Çünkü evrensel hukuk, demokrasi, hak ve özgürlükler ile ekonomi iktisadi işleri at başı paralel gitmelidir. Bu kadar netameli iktisadi, ekonomi işlerini nasıl çözdüysek ülkede üçüncü dönem tek başına iktidar olan siyasi bir parti Başbakan Tayyip Erdoğan, Ak Parti, aynı yöntem ve ferasetle evrensel hukuk, siyasi demokrasi özgürlükler alanında başarı kayıt edebilir.
İki tercih meselesi var. Başbakanın şahsında Ak Partinin önünde birinci yol; evrensel bir hukuk ve özgürlükler ile gelişmiş demokrasilerde olan saygın demokratik yapıya sahip bir ülke mi olacağız. Veya ikinci yol; bol hamasetle milliyetçilikle üçüncü dünya ülkesi olması mı daha iyi olur. 
Aslında bu soruyu hem halka hem de yönetenlere sormalıyız? Halkın kahir çoğunluğunun birinci yolu tercih ettiği bilinen bir gerçektir. İlk tercih ülkeyi yönetenler açısından doğru olanıdır. 
Başbakan Tayyip Erdoğan şahsında Ak Parti yine çok iyi biliyor ki birinci tercihin öncelikle olmazsa olmaz esası “Kürt Sorunu barışçıl ve eşitlikçi bir yöntemle hal ve yola koymaktan geçer.” 

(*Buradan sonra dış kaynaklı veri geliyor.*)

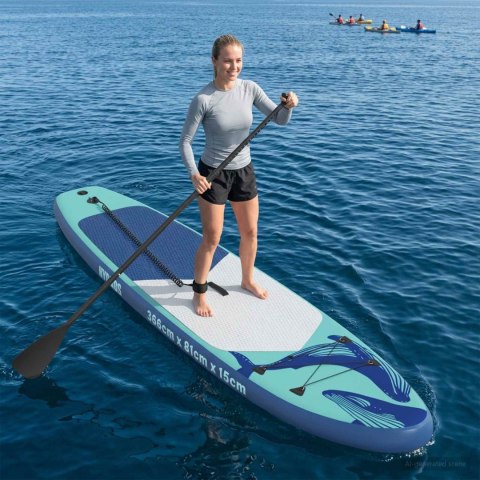 VidaXL Nadmuchiwana deska do paddleboardingu HYDROS 366 x 81 x 15 cm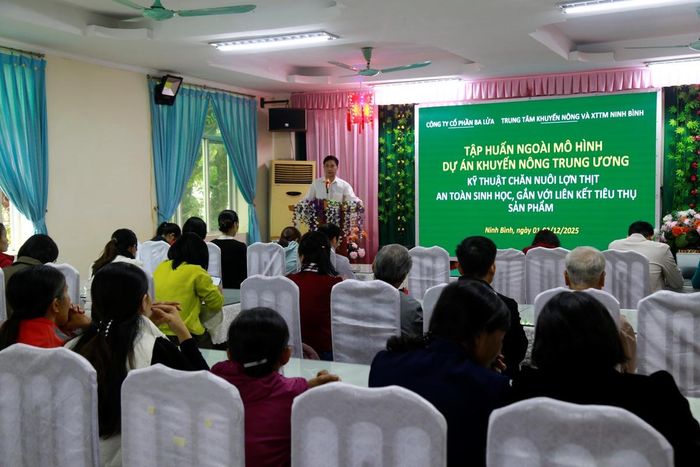 Mô hình chăn nuôi lợn an toàn sinh học đang được tỉnh Ninh Bình nhân rộng. Ảnh: Trung tâm khuyến nông Ninh Bình.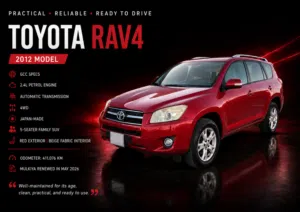 Toyota RAV4 2012 GCC Specs 4WD  Japan Made  Well Maintained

 Başbakan Recep Tayyip Erdoğan PKK ile görüşülüyor dağdan indirilip silahsızlaştırmaları nihai hedef bilindiği halde miting meydanlarından halk tarafından 2010 anayasa reformunda % 58 Evet bu reformunda tüm muhalefet partilerinin vesaire yöntem ve gerekçelerle Hayır blok oyları %42 de kaldı. Demek olunur ki bu ülke Ak Partiye bu temel meselede “ diyalog ve uzlaşı ile barışı tercih et. Huzuru tesis et” denildi. Türkiye kamuoyu bu konuda çok net mesajını verdi. Bu konuda çok fazla beklenildi, zaman alındı. Yapılan referandumun uyum yasaları bile henüz çıkarılmadı. 

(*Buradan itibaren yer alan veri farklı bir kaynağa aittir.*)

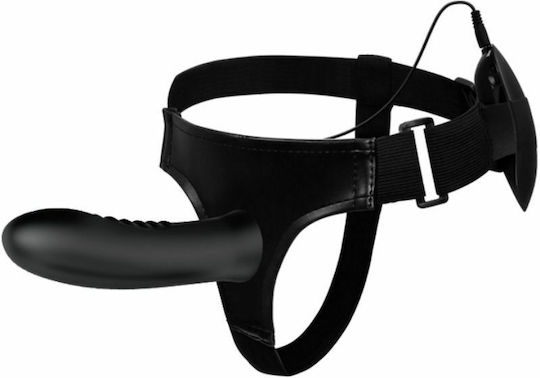 Pretty Love Strap On & Vibrating Dildo Harness με Dildo και Δόνηση σε Μαύρο Χρώμα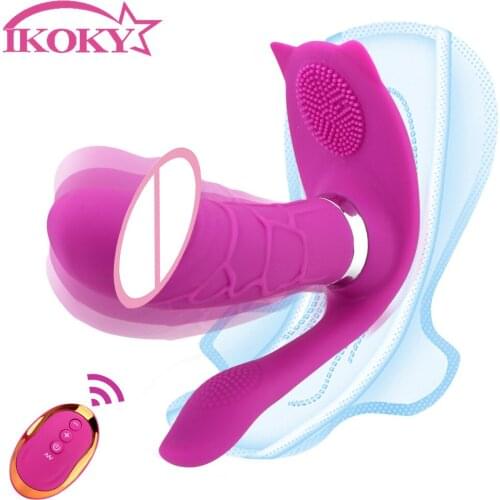 Masturbator Panties Vaginal massage Heating Anal Clitoris Stimulator Remote Control Sex Toys for Women Wearable Dildo Vibrator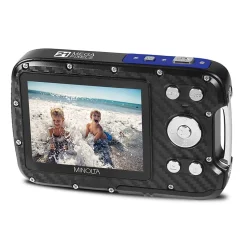 Cameras & Camcorders<MINOLTA 21 MP/1080p Waterproof Digital Camera with 4x Digital Zoom, Blue (MN30WP-BL)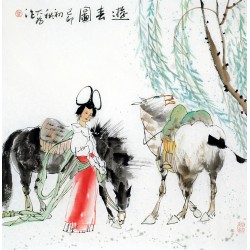 Chinese Figure Painting - CNAG011873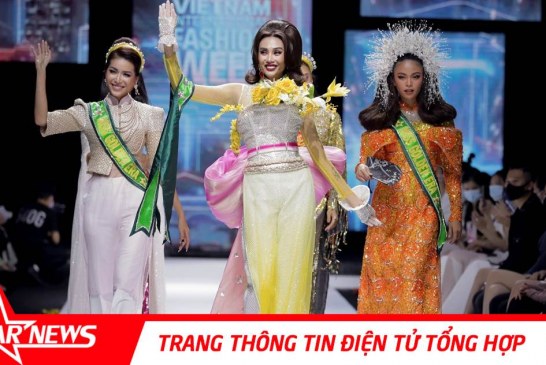 Võ Hoàng Yến “đăng quang” hoa hậu trên sàn diễn Aquafina International Fashion Week 2020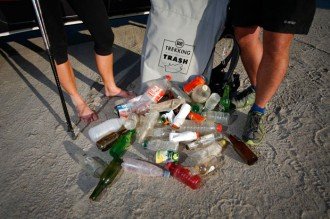 trekking for trash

Geçelim Kürtler açısından 2010 Anayasa referandumuna bakıldığı zaman kısaca Ağrı % 95,8, Bingöl %95, Siirt %95, Diyarbakır %94, Mardin %94, Hakkâri % 93, “Evet” oyu çıktı. Yine üç dönem Başbakan Tayyip Erdoğan şahsında Ak Parti İktidarına Kürtler istikrarla azımsanmayacak destek ve katkı sundular. Türkiye’de PKK ve tüm silahlı unsurlardan “Eli silahlılardan” en çok şiddet ve hiddeti gören yine ağır travmalar ve mağduriyetler yaşayanlar yine her bakımda Kürtlerdir.  

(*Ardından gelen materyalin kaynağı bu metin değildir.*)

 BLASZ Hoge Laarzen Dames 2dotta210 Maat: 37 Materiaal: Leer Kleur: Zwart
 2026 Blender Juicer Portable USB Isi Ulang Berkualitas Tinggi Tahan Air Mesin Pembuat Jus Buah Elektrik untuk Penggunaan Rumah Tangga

Daha önce bilinen bir meseleydi ancak son hadiselerle ayan beyan görüldü ki devlet manipülasyonu aşikâr yaptıkları bir sürü pis işlere devlet görevlileri tarafından halkı manipüle etmişler. İmam hatip mezunu dâhil üniversite öğrencisi birçok Kürt çocukları geçmişte bu tarz şer odakları tarafından dağa sürüklendiler. Başarılı bu Kürt çocuklarını dağa gönderenler aynı merkezdendi, uyguladıkları metot aynıydı. Üniversitelerde farklı önemli bölümlerde okuyan bu başarılı çocuklar aynı merkezlerden dağa gönderilip tamamı öldürüldü. 
Başbakan Tayyip Erdoğan ve Ak Parti tüm yapılan yanlışları neler yaptıklarını çok iyi biliyor ve gerçekleri yalın görüyor. Geçmişte yapılanlar kısaca halka her tür zalimliklerle baskı ve işkencelerin uygulandığını, peşinde bin bir hile ve desise ile halka ne tuzaklar kurulduğunu, vatandaşım dedikleri insanları hataya yanlışa teşvik ettiklerini, her tür manipülasyonun aleni devlet görevlileri tarafından açıkça yapıldığı nihayet herkesçe net görüldü. 
Şimdi başta Başbakan Tayyip Erdoğan şahsında Ak Partinin ve Cumhurbaşkanı Abdullah Gül ile ülkeyi yöneten tüm insanların ellerini vicdanlarına koymaları lazım gelir. Bu sorunları bir daha yaşanmayacak şekilde ülkenin gündeminden çıkarmaları gereklidir.